New Executive Order Seeks to Increase Climate Resilience

An executive order signed by President Obama today requires federal agencies to promote the “dual goals” of a greater resilience to climate change and a removal of barriers to carbon-curbing measures, including carbon sequestration.

Climate change impacts that include “prolonged periods of excessively high temperatures, more heavy downpours, an increase in wildfires, more severe droughts, permafrost thawing, ocean acidification, and sea-level rise,” are already affecting the nation, the order declares. Managing these risks will require “deliberate preparation” and “close cooperation and coordinated planning” by the federal government and stakeholders, it says.

The order establishes a “Council on Climate Preparedness and Resilience” that will include senior officials from various agencies while calling on all federal agencies to promote strong partnerships and information sharing at all levels, and “risk-informed decision making.”

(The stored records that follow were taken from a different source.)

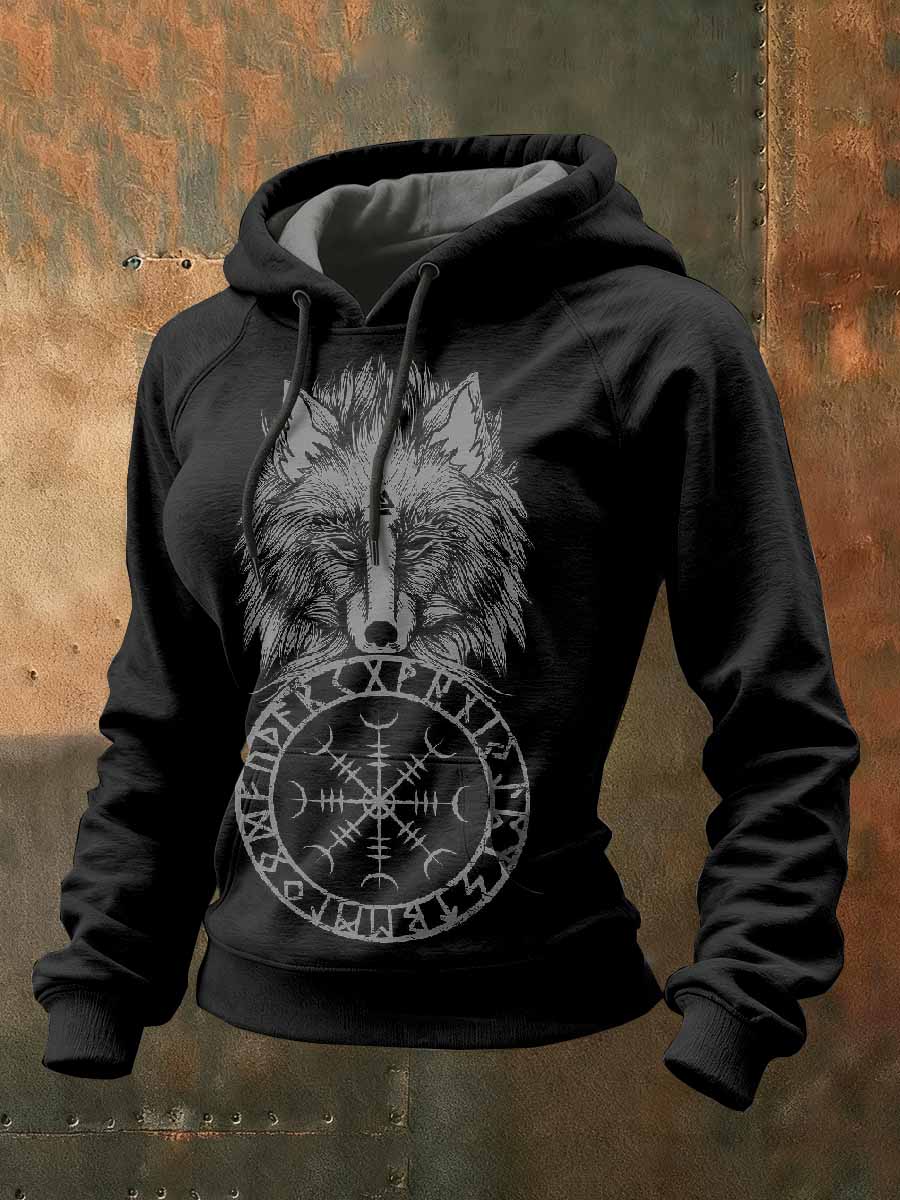 Kvinnor Vintage Viking tryck Casual Hooded Sweatshirt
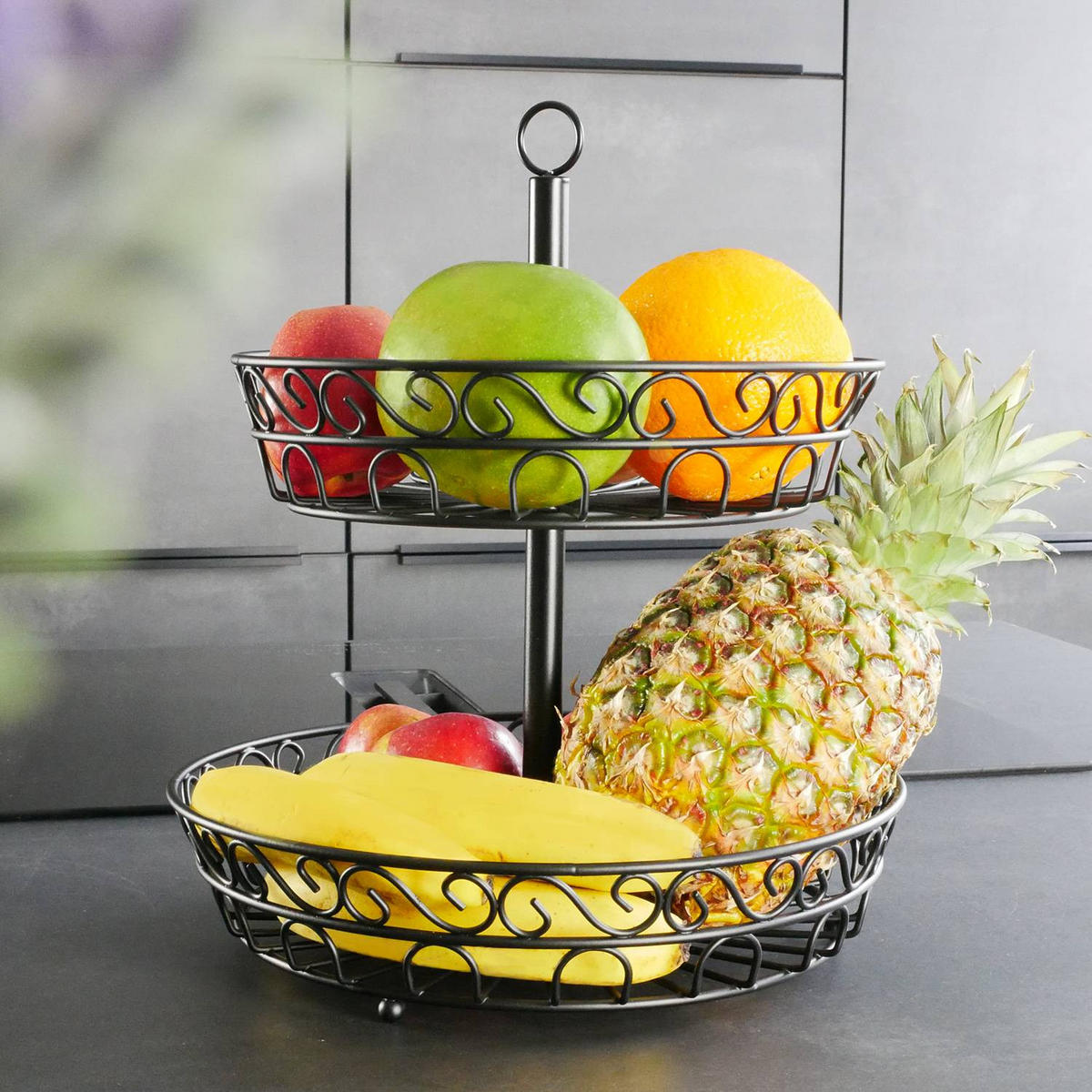 OBSTKORB Etagere 30/35 cm - Schwarz, Metall (35cm) - Intirilife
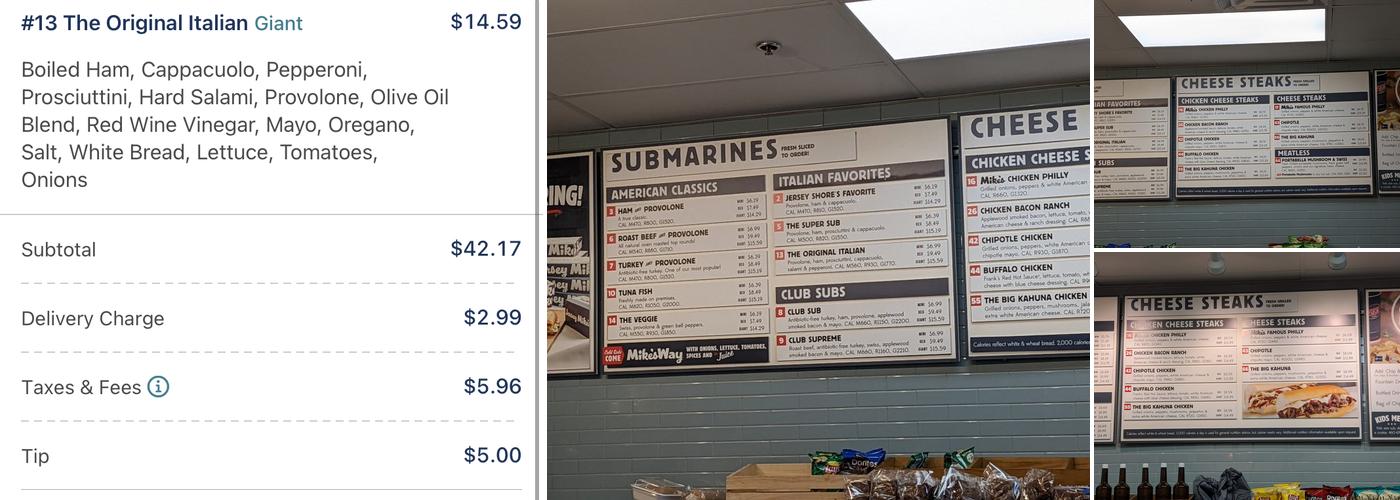 Jersey Mike's Subs Menu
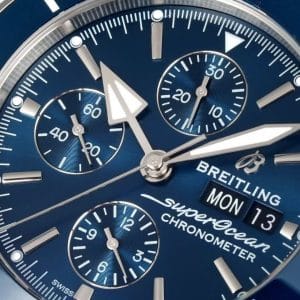 Super Clone Breitling Superocean Heritage II Chronograph 44 Blue Dial Blue Bezel BLS Factory Replica (China Edition)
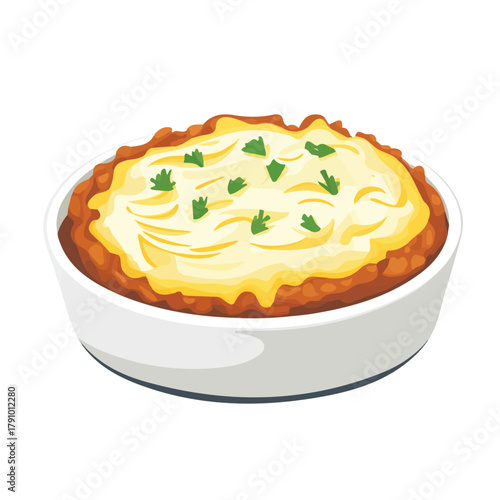 Minimal 2D vector illustration of Shepherds Pie in flat icon style on a plain white background.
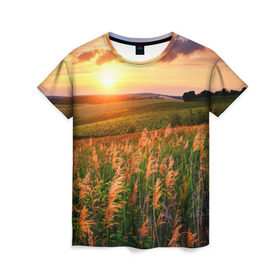 Женская футболка 3D с принтом Родные просторы в Курске, 100% полиэфир ( синтетическое хлопкоподобное полотно) | прямой крой, круглый вырез горловины, длина до линии бедер | sunrise | sunset | восход | деревня | закат | луг | небо | облака | поле | природа | солнце | цветы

But it also requires, by July 2014, that the heads of the Departments of Defense, the Interior, and Agriculture, the Environmental Protection Agency (EPA), NOAA, the Federal Emergency Management Agency, and the Army Corps of Engineers complete an assessment of proposed and completed changes to their land- and water-related policies, programs, and rules that are needed to make the nation’s watersheds and natural resources more resilient in the face of a changing climate.  The assessment must include a timeline and plan for making those, the order says.

The executive action is part of President’s Obama’s June-announced Climate Action Plan. The plan outlines three primary goals: slashing U.S. carbon pollution through stringent rules for new and existing power plants while doubling renewables deployment and promoting fuel switching from coal to natural gas; preparing the U.S. for impacts of climate change; and leading international efforts to combat global climate change.

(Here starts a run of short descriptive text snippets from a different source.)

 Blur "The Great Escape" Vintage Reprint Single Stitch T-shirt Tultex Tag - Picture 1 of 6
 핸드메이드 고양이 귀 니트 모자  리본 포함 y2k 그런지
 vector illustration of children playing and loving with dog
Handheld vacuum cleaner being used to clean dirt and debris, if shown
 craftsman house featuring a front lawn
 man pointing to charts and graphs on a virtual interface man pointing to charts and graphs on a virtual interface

This September, the EPA issued a revised proposal to curb carbon emissions from new power plants that sets separate standards for new gas-fired and coal-fired power plants. It also revealed it is developing new carbon standards for existing power plants.

Meanwhile, earlier this week, the Treasury Department issued a revised technical guidance that declares an end to U.S. support for  multilateral development bank (MDB) funding for new overseas coal projects except in “narrowly defined circumstances.”